[Short text fragments from websites]
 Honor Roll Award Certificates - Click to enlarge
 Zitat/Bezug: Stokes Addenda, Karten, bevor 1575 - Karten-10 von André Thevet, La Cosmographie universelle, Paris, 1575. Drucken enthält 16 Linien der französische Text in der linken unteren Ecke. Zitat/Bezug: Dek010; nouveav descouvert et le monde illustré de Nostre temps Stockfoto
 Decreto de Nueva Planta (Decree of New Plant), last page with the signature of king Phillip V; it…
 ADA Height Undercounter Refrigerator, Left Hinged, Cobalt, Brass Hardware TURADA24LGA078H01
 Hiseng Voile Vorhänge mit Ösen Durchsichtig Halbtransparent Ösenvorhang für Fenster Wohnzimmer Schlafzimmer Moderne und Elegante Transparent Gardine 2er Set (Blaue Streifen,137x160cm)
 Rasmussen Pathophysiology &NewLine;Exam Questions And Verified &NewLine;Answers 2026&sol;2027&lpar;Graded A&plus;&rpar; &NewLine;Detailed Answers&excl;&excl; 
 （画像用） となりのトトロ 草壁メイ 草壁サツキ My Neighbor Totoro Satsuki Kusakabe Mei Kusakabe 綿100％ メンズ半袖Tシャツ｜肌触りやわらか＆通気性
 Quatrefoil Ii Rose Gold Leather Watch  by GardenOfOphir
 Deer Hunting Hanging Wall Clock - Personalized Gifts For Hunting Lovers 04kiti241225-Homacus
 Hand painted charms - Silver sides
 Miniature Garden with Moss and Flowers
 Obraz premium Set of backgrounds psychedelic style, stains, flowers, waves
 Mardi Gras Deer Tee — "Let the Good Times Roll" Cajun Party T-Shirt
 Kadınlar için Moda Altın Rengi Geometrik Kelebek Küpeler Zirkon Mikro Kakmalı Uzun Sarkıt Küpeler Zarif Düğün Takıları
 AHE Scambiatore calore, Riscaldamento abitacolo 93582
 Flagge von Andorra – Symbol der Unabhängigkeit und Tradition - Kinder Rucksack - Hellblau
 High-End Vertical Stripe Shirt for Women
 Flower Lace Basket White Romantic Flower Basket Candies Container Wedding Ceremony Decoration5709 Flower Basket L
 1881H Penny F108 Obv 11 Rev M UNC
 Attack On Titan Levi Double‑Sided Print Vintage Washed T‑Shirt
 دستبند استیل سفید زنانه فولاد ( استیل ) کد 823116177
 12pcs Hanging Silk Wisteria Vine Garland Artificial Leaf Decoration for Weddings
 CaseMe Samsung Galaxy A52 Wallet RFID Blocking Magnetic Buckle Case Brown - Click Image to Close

To do> Please return the lines above that run from the line containing "Zitat/Bezug: Stokes Addenda, Karten, bevor" to the line containing "Hiseng Voile Vorhänge", inclusive, exactly and with no other lines.

Exercise result>
 Zitat/Bezug: Stokes Addenda, Karten, bevor 1575 - Karten-10 von André Thevet, La Cosmographie universelle, Paris, 1575. Drucken enthält 16 Linien der französische Text in der linken unteren Ecke. Zitat/Bezug: Dek010; nouveav descouvert et le monde illustré de Nostre temps Stockfoto
 Decreto de Nueva Planta (Decree of New Plant), last page with the signature of king Phillip V; it…
 ADA Height Undercounter Refrigerator, Left Hinged, Cobalt, Brass Hardware TURADA24LGA078H01
 Hiseng Voile Vorhänge mit Ösen Durchsichtig Halbtransparent Ösenvorhang für Fenster Wohnzimmer Schlafzimmer Moderne und Elegante Transparent Gardine 2er Set (Blaue Streifen,137x160cm)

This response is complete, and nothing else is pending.